**Exercise instructions**. Give the listing again, word for word, and let no picture into it.

**Recorded information**.
------------------------------

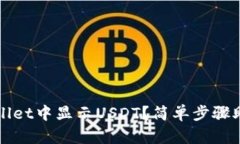 如何在TPWallet中显示USDT？简单步骤助你轻松操作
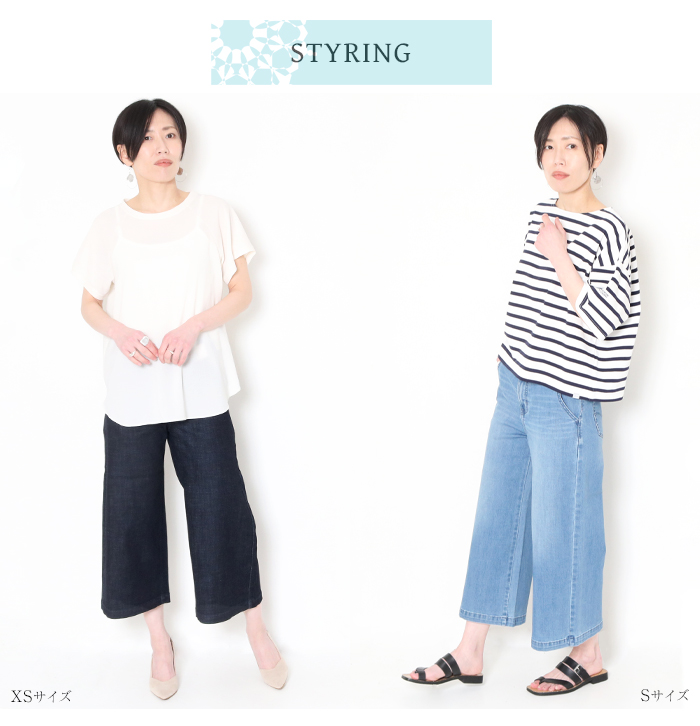 最新な Rene 黒 合成皮革 ガウチョパンツ 36 - メルカリ パンツ
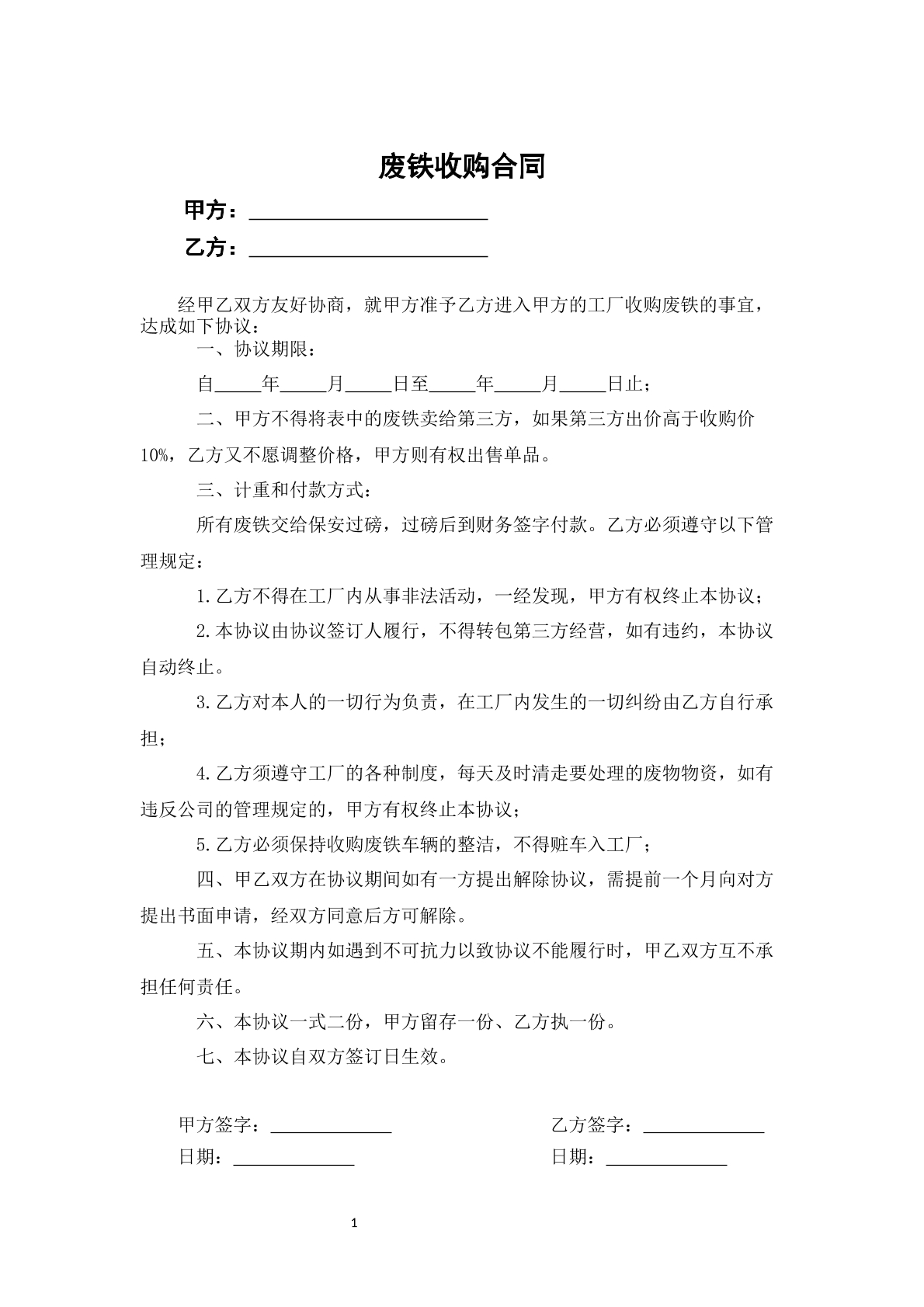 废铁收购合同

------------------------------

**Output of the exercise**.
 如何在TPWallet中显示USDT？简单步骤助你轻松操作
 最新な Rene 黒 合成皮革 ガウチョパンツ 36 - メルカリ パンツ
 废铁收购合同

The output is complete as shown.